How to do it properly

  • “A warm-up and cool down is essential”, says Brendan. “With the cool down, the focus is to bring the body down to a pre-exercise state”.
  • Work on a proper technique. “Ideally, the ball of your foot is over the pedal spindle, which is where the pedal attaches to the crank”, says Brendan.
  • “One of the biggest mistakes people make is putting the bike in high resistance so it’s harder to pedal”, says Brendan. “One of the key tips at the start is to use a lower resistance so there are more revolutions per minute. You want something you can control, so you can get used to the pedalling technique”.
  • Make sure that when you’re in the saddle, your knees are always bent. “They should never lock straight”, says Brendan. “But it’s key that the legs aren’t bent too-much – there has to be comfort”.
  • The reach to the handlebars should be comfortable – your arms should be slightly bent.
  • Make sure you can stop the bike and put your feet on the ground properly before taking the road.
  • Leg and back pain are the most common injuries.
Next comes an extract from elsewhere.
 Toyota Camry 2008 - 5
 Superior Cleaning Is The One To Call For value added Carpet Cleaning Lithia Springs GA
This can be due to anything from the saddle being too high, low, far forward or far back to you not being able to reach the handlebars properly. “The best place to make sure that doesn’t happen is in the bike shop before you start”, says Brendan.
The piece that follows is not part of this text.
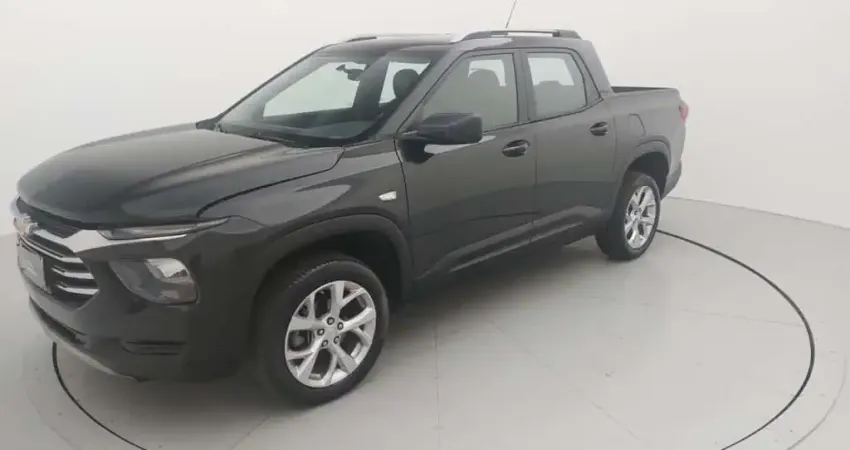 Chevrolet Montana 2025 1.2 turbo flex ltz automático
  • You could also take a cycling proficiency course to help you use your bike properly and be safer on the roads.

What you’ll need

  • It’s worth investing in good equipment. “You’ll be able to get a basic, decent-quality mountain bike for around £200”, says Brendan. A mountain bike is usually the best buy because of it’s many uses. “It’s possible to commute on it, go on general road rides and also ride off-road”, explains Brendan.
  • If cycling outside, always wear a helmet to protect your head. “You can pay anywhere between £30 to £150 for a good helmet, but the key is to look for the CE mark, which indicates the helmet meets British Standards”, says Brendan.
  • Don’t wear baggy bottoms as these can get caught in the bike’s chain.
  • To ease discomfort, you can buy padded shorts for cycling. It’s also worth knowing that you can now buy saddles made specifically for women.
  • Other useful equipment includes front and rear bicycle lights, mudguards, rainwear and a water bottle.